Management certainly has a vested right to maintain order and discipline in the workplace, but the General Motors test tilts the scale too far at the expense of employees’ protected rights. Rather than change the rules entirely the board should have provided more guidance to already existing standards that would have also been useful in cases involving work in the work place, picket line misconduct and social media cases.20 To suggest, however, that a Wright Line standard is to be used is inappropriate and only serves to put a chilling effect on employee and unions exercise of their protected rights.
Again, the NLRB has sought to provide a black letter standard to very complex and varied situations.21 On the one hand, management is totally within its rights to have reasonable policies to maintain order and discipline in the workplace. Reasonable rules are the hallmark of good management. Employees are guaranteed the exercise of Section 7 protected rights under the NLRA. It is the intersection of these two ideals that create friction.

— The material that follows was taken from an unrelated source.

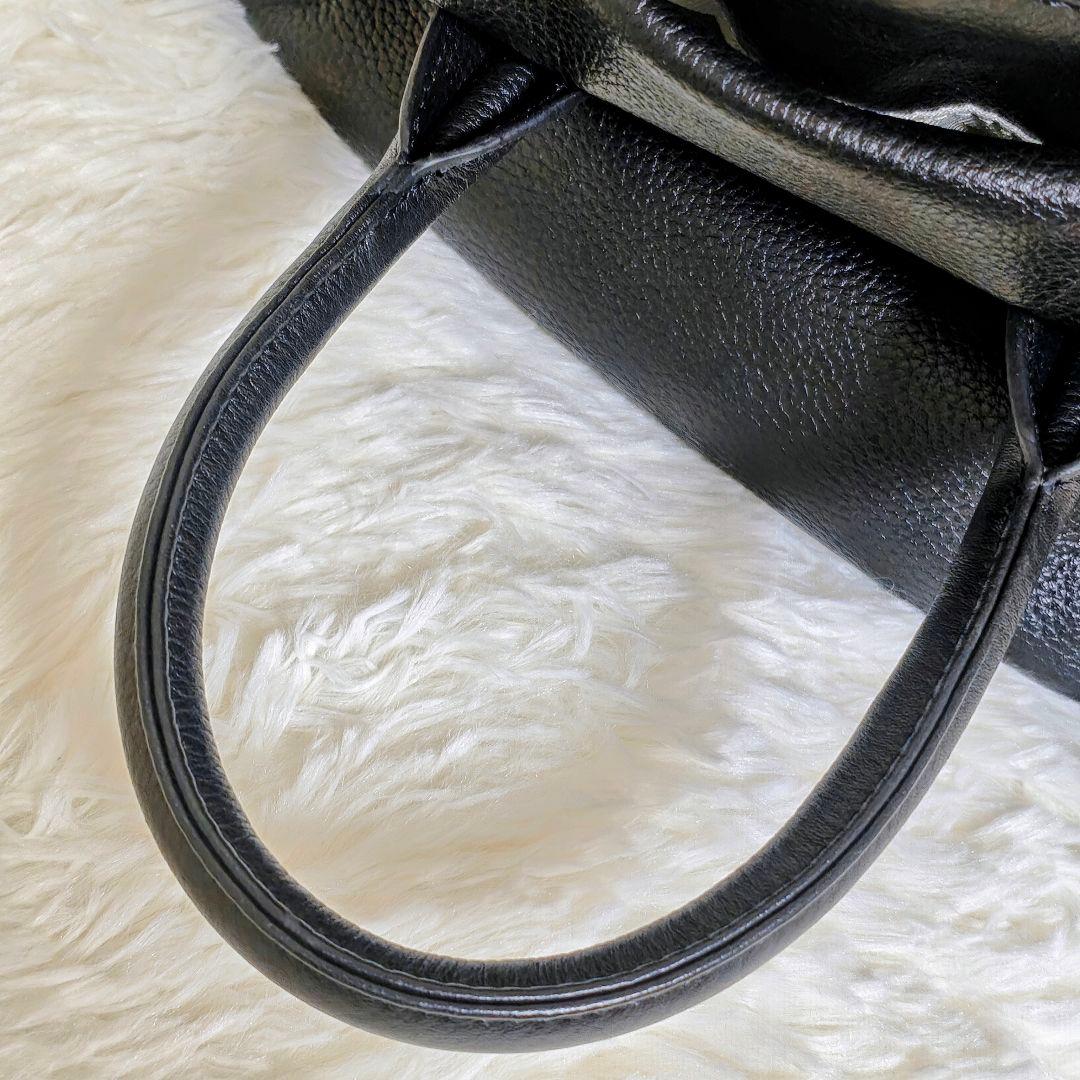 未使用級✨BEARDSLEY ビアズリー ラウンドミニボストンバッグ 2way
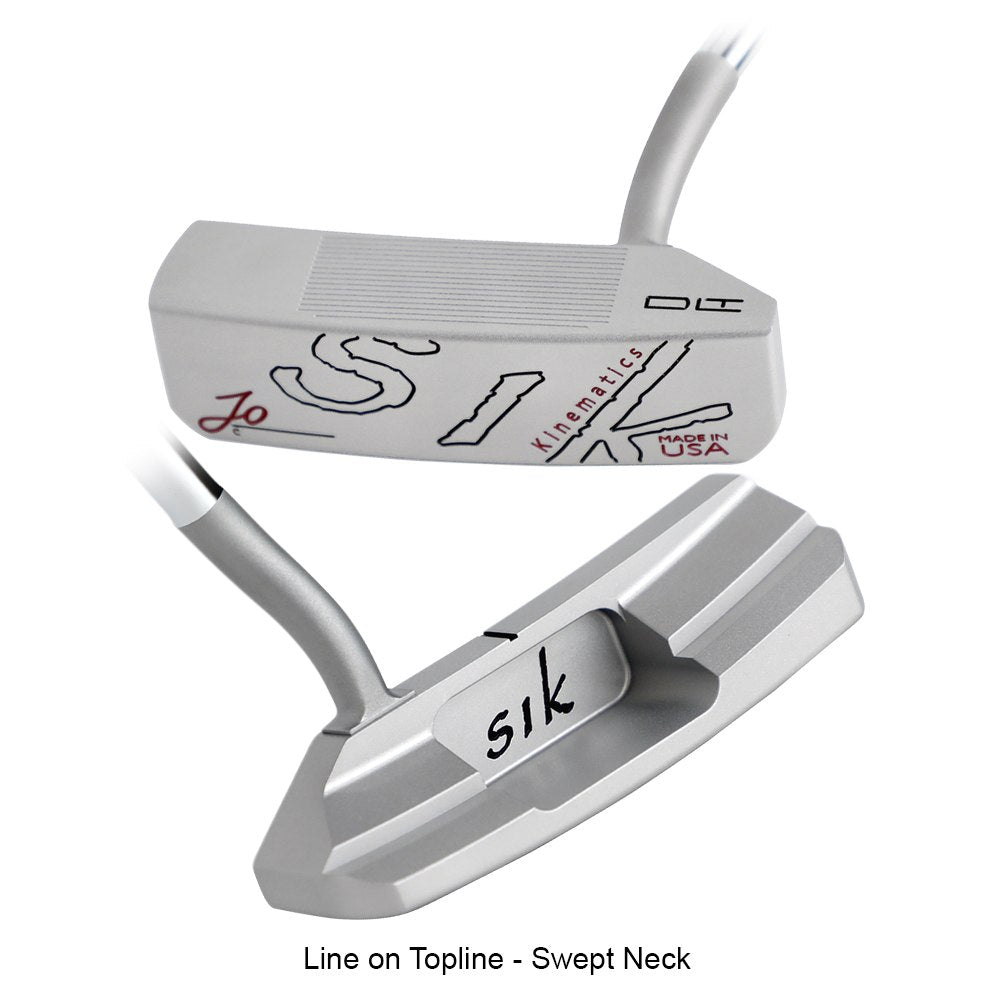 Sik Golf JO C-Series Satin Putter 2021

The policy of the NLRB had been a balancing act under the Atlantic Steel standard. Decisions issued were not consistent and little guidance was provided to the parties. Recently, the board adopted the Wright Line test, a tried-and-true test in dual-motive cases which does not fit. It minimizes the value of Section 7 protected rights. Perhaps a better approach is to rework the former standard, Atlantic Steel, and other standards to make them more consistent and practical. With a new administration in Washington, perhaps General Motors may not be the last @#!*&^% word in this sensitive area of labor relations. Stay tuned.
Alan Zmija is a retired National Labor Relations Board attorney. Currently, he is an adjunct professor teaching labor law to law and graduate students at the Cleveland State University College of Law and College of Business. This article is written in his individual capacity. It does not constitute legal advice or create any attorney-client relationship and parties should always consult with their own attorney.
Endnotes
1The Board consisted of Chairman John F. Ring, Member Marvin E. Kaplan and Member William J. Emanuel. The composition of the Board did not include any minority Democratic members at the time the decision was issued.
2369 NLRB No 127 (2020).
3Id. at p.12 (ALJ decision).
4Id. at p. 2 (Board decision).
5Robinson was Black. Id. at p. 15, n. 15.
6245 NLRB 814 (1979). A further discussion of the Atlantic standard follows at text relating to n. 7, infra.
7Id.
8Id. at 816.
9General Motors, 369 NLRB at pp. 4-5. The Board provided several examples of past cases that inconsistently applied the Atlantic Steel standard.
10The Board referenced NLRB Electric Workers Local 1229, 346 U.S. 464 (1953).
11268 NLRB 1044 (1984).
12251 NLRB 1083 (1980).
13General Motors, 369 NLRB at p. 9, n. 22.
14Id. at p. 10.
15Id.
16It is interesting to note that the ALJ specifically noted that if she had applied the Wright Line test to the facts her decision would have been the same. Id. at 24.
17Motion of Counsel for the General Counsel to Remand Proceedings to Region 14. October 21, 2020.
18General Motors, 369 NLRB at p. 9.
19Id. at p.10.
20For example the Board could have provided guidance as to the weight given to each of the Atlantic Steel factors or if separate standards should apply to union representatives doing official duties. The Board also might establish some guidelines that conduct or language creating a hostile work environment is presumed to remove the employee from protections of the Act.
21See generally, Boeing, 365 NLRB No. 154 (2017) where the Board sought to simplify neutral work policies and ended up creating a new “Category” procedure that has not simplified much.